Parched local unit gears up for wetland conservationSprings in Adarsha Rural Municipality are drying up, leading to an acute water shortage.
Harka Saud of Adarsha Rural Municipality ward 2 in Doti says life in the village has become difficult due to the shortage of water. “We have to travel from village to village in search of natural springs,” said Saud. “But most of the time, we return with empty jars because all the springs have dried up.”
All seven wards of the rural municipality have been reeling under an acute shortage of water triggered by the drying up of natural sources over the last few years.
To avoid future calamities caused by water shortages, the local unit plans to launch a wetland and environment conservation campaign seeking a long-term solution to the drinking water crisis.
The farming community in the rural municipality has been reporting a decline in agricultural production while the local body has noted a significant rise in outmigration.
According to Gita Kathayat, a registration officer at the rural municipality, a total of 418 people migrated from the local unit in the current fiscal year mainly due to water shortages.
The people’s representatives who were elected to their posts last May say resolving the water crisis is their topmost priority.
“I canvassed votes during last year’s local election promising to resolve problems related to drinking water, education and health care,” said Ganesh Bahadur Khadka, the chairman of Adarsha Rural Municipality. “Drinking water shortage is the most pressing issue for all of us at the moment since almost all the settlements are currently facing acute shortage of water.”
Khadka says the local body’s plan to preserve the wetlands is commendable as it will help preserve natural springs also. “The local unit has been preparing strategies to return the wetlands to their previous state before the natural springs start drying up.”
According to the record of the rural municipality, out of the water taps installed in 4,294 houses, only 50 percent have running water.
The rural municipality’s ambitious plan has the support of geologist Tanka Ojha, a professor at the US-based University of Arizona.

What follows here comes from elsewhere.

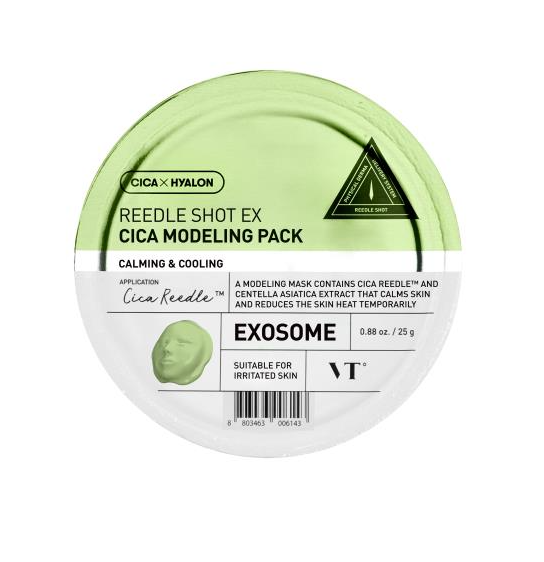 VT Reedle Shot EX Modeling Pack – Collagen / Vitamin / Cica / Hyaluronic (25g)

Ojha is involved in the project as a consultant. His role is to set up strategies for the campaign, says Khadka.
Ojha, who was born in Adarsha Rural Municipality, believes that the dried-up springs can be returned to their former state through the conservation of wetlands. He suggests the local unit focus on six different areas in the rural municipality and conserve the areas identified as wetlands.
“The dried-up springs will erupt again in a few years if we adopt an underground water recharge system. Underground water depletion is one of the major causes of natural springs drying up,” said Ojha. “We can also harvest rainwater to replenish the underground water system. We have experimented with such systems in other countries and they have proved successful.”
Ojha also suggests the rural municipality immediately stop lifting underground water through deep boring. “Several studies show that underground water level will deplete further if deep boring continues. It may cause the remaining water springs to dry up sooner,” he said.
Adarsha Rural Municipality has been distributing drinking water through a deep boring project at Mauwa, the administrative centre of the local unit, for the past few years to resolve the acute water crisis in the area.
“Based on Ojha’s suggestions, the rural municipality will launch a wetland and environment conservation campaign in the upcoming fiscal year starting July 17,” said Khadka. “We will identify wetland areas and immediately start working on the campaign. We also plan to initiate a broad drinking water project in the rural municipality with the help of the federal government.”